Api tak bisa dibalas api. Justru makin membumbung tinggi dan membakar segalanya. Seperti kejahatan, ada baiknya mengikhlaskan. Lalu semuanya akan berjalan sesuai aturan Tuhan.

"Tapi gak pa-pa," Suara Lian menyentaknya sadar. "Seenggaknya gue sama dia udah ketemu. Dan semua sakit hati gue bakal terbayar hari ini."

Saat Lian memangkas jarak lebih dekat, Linzy terpojok. Tangannya terulur ke belakang, memegang pembatas besi yang berkarat. Beberapa serpihan karat melayang jatuh. Dia makin gemetaran.

"Zion pasti bakal hancur, kalo tau lo kehilangan nyawa karena dia alasannya," Melewati bahunya, Lian melirik ke bawah dan tersenyum bahagia. "Lo mau sendiri, atau gue sebagai perantara, Zi?"

Penawaran gila!

"LO GILA!" Linzy tak punya kekuatan untuk melawan selain memukul Lian berulang kali. Apalagi posisinya yang memperparah keadaan, dia tetap tak bisa melarikan diri.

Pukulan Linzy terhenti sebab Lian yang mencekal kuat tangannya.

"Kalo lo bunuh gue ..." Linzy tersendat, membiarkan air matanya mengalir. "Lo bakal masuk penjara!"

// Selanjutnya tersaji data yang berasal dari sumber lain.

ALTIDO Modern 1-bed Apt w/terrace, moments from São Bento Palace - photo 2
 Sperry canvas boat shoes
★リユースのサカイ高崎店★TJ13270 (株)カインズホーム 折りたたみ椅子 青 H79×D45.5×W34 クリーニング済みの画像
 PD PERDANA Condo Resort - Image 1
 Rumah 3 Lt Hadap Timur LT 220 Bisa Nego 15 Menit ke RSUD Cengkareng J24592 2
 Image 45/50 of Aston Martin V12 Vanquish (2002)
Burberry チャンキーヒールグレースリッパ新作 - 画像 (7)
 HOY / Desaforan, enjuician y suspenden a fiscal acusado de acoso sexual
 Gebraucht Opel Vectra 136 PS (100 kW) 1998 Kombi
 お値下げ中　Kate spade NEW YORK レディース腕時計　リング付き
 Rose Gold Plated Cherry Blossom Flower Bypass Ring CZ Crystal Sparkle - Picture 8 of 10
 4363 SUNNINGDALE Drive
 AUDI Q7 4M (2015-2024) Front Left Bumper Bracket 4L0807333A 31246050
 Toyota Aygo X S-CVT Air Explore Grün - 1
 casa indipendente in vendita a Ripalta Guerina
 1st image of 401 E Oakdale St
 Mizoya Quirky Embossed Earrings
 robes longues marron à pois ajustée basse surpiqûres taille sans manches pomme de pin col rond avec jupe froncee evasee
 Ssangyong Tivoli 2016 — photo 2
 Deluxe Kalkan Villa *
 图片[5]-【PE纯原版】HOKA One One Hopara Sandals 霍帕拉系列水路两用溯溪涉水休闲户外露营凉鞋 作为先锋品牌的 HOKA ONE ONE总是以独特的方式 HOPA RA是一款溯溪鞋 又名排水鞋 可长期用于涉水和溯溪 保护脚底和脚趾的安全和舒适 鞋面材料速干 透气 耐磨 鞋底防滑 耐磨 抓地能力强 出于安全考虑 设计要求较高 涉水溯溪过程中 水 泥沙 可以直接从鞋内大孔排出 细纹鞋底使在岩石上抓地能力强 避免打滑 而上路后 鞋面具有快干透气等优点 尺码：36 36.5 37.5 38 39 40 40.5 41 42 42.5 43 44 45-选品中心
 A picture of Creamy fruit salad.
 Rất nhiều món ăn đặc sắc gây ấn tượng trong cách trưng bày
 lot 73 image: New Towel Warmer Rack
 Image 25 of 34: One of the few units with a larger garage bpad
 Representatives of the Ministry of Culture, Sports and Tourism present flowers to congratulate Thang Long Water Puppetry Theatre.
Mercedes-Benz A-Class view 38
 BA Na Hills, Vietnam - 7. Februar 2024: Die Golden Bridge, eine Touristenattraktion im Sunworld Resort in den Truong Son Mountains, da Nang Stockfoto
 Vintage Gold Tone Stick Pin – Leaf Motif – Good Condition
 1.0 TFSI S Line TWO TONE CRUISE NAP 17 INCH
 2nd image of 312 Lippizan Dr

"Gue gak takut penjara," Suara Lian pelan, tapi berhasil membuatnya menggigil. "Kalo lo mati, gue juga bakal mati dan akhirnya kita bakal ketemu di neraka nanti." Tanpa sadar dia menahan napas saat Lian menyentuh pipinya. "Kalo lo emang gak mau ngelakuin itu sendiri, gue siap bantu."

Kemudian tangan Lian yang bebas mengambil sesuatu yang disembunyikan di dalam kemeja. Mengangkatnya di depan Linzy yang terperangah tak percaya.

Otot kaki Linzy sempurna lunglai merasakan dinginnya moncong pistol di kening.

"Yan ..." suaranya nyaris hilang.

"Lo bener, Zi gue emang udah gila sekarang. Luka, sakit hati, dendam, pengkhianatan, itu semua yang buat gue hilang arah. Gue gak punya tujuan lagi, jiwa gue udah mati!"

Mata Linzy refleks memejam saat Lian menekan ujung pistolnya semakin dalam. Bersama keringat dingin yang bermunculan, tangannya kebas, tak bisa merasakan apa-apa.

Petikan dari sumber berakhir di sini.